Navigating the Landscape of Personalized Medicine: The Relevance of ChatGPT, BingChat, and Bard AI in Nephrology Literature Searches

Noppawit Aiumtrakul; Charat Thongprayoon; Supawadee Suppadungsuk; Pajaree Krisanapan; Jing Miao; Fawad Qureshi; Wisit Cheungpasitporn

doi:10.3390/jpm13101457

Navigating the Landscape of Personalized Medicine: The Relevance of ChatGPT, BingChat, and Bard AI in Nephrology Literature Searches

J Pers Med. 2023 Sep 30;13(10):1457. doi: 10.3390/jpm13101457.

Authors

Noppawit Aiumtrakul¹, Charat Thongprayoon², Supawadee Suppadungsuk^{2

3}, Pajaree Krisanapan^{2

4}, Jing Miao², Fawad Qureshi², Wisit Cheungpasitporn²

Affiliations

¹ Department of Medicine, John A. Burns School of Medicine, University of Hawaii, Honolulu, HI 96813, USA.
² Division of Nephrology and Hypertension, Department of Medicine, Mayo Clinic, Rochester, MN 55905, USA.
³ Chakri Naruebodindra Medical Institute, Faculty of Medicine Ramathibodi Hospital, Mahidol University, Samut Prakan 10540, Thailand.
⁴ Department of Internal Medicine, Faculty of Medicine, Thammasat University, Pathum Thani 12120, Thailand.

Abstract

Background and objectives: Literature reviews are foundational to understanding medical evidence. With AI tools like ChatGPT, Bing Chat and Bard AI emerging as potential aids in this domain, this study aimed to individually assess their citation accuracy within Nephrology, comparing their performance in providing precise.

Materials and methods: We generated the prompt to solicit 20 references in Vancouver style in each 12 Nephrology topics, using ChatGPT, Bing Chat and Bard. We verified the existence and accuracy of the provided references using PubMed, Google Scholar, and Web of Science. We categorized the validity of the references from the AI chatbot into (1) incomplete, (2) fabricated, (3) inaccurate, and (4) accurate.
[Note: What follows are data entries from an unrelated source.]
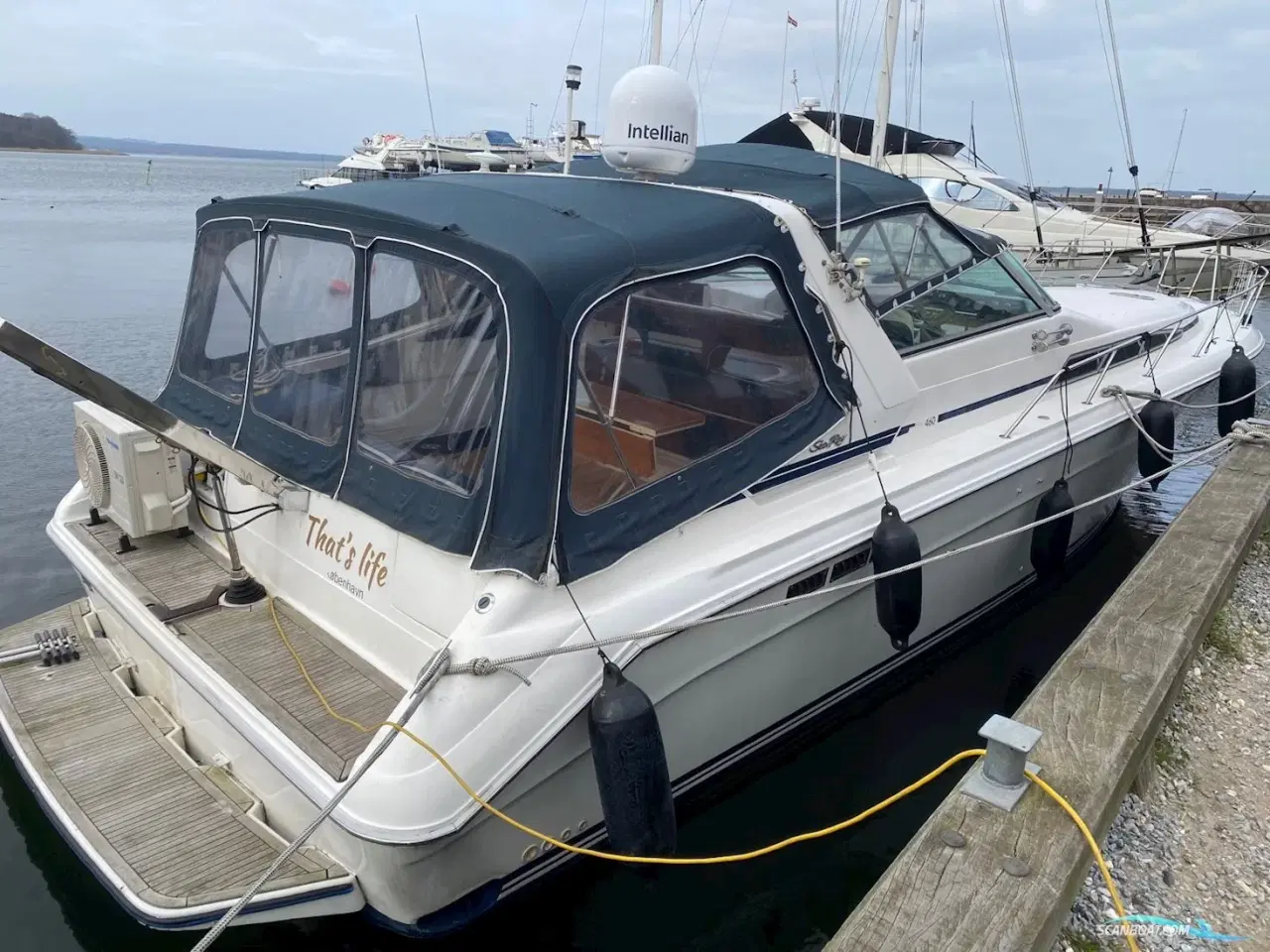 Billede 5 - Sea Ray 420 Sundancer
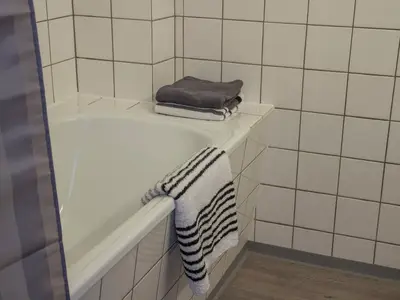 Ferienwohnung für 2 Personen (20 m²) in Sahlenburg 3/7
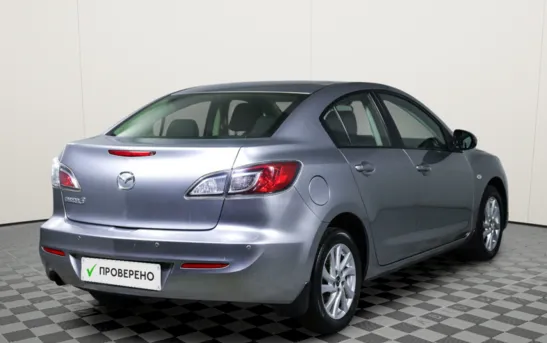 Mazda 3 1.60 автоматическая, фото №1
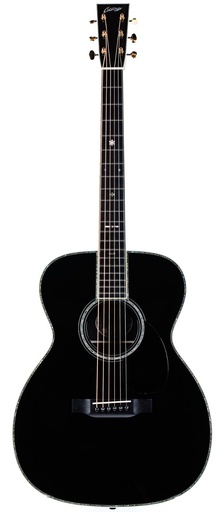 [OM3-42] Collings OM3 42 Style Jet Black Custom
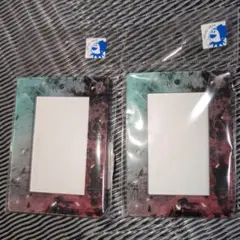 新品未開封！メタファー:リファンタジオ　アクリル収納ケース　2個セット
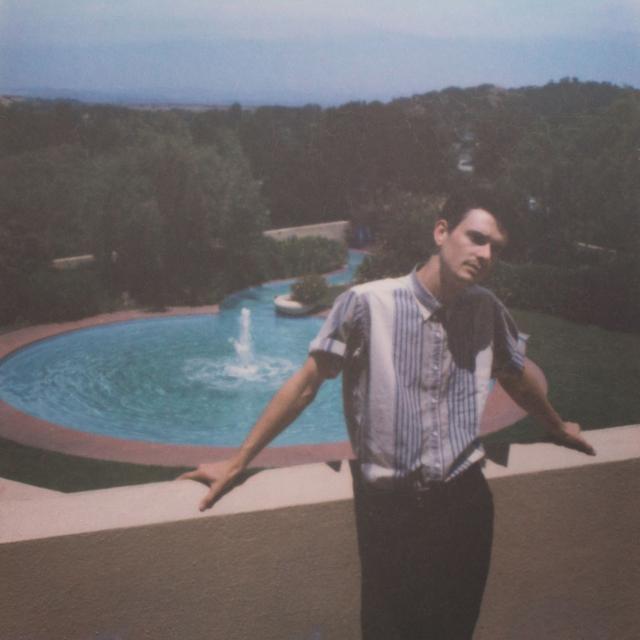 Album cover art for Henry Nowhere EP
Results: A total of 199 (83%), 158 (66%) and 112 (47%) unique references were provided from ChatGPT, Bing Chat and Bard, respectively. ChatGPT provided 76 (38%) accurate, 82 (41%) inaccurate, 32 (16%) fabricated and 9 (5%) incomplete references. Bing Chat provided 47 (30%) accurate, 77 (49%) inaccurate, 21 (13%) fabricated and 13 (8%) incomplete references. In contrast, Bard provided 3 (3%) accurate, 26 (23%) inaccurate, 71 (63%) fabricated and 12 (11%) incomplete references. The most common error type across platforms was incorrect DOIs.

Conclusions: In the field of medicine, the necessity for faultless adherence to research integrity is highlighted, asserting that even small errors cannot be tolerated. The outcomes of this investigation draw attention to inconsistent citation accuracy across the different AI tools evaluated. Despite some promising results, the discrepancies identified call for a cautious and rigorous vetting of AI-sourced references in medicine. Such chatbots, before becoming standard tools, need substantial refinements to assure unwavering precision in their outputs.

Keywords: Bard AI; Bing Chat; ChatGPT; accuracy; literature review; nephrology references; personalized medicine; precision medicine.

Grants and funding

This research received no external funding.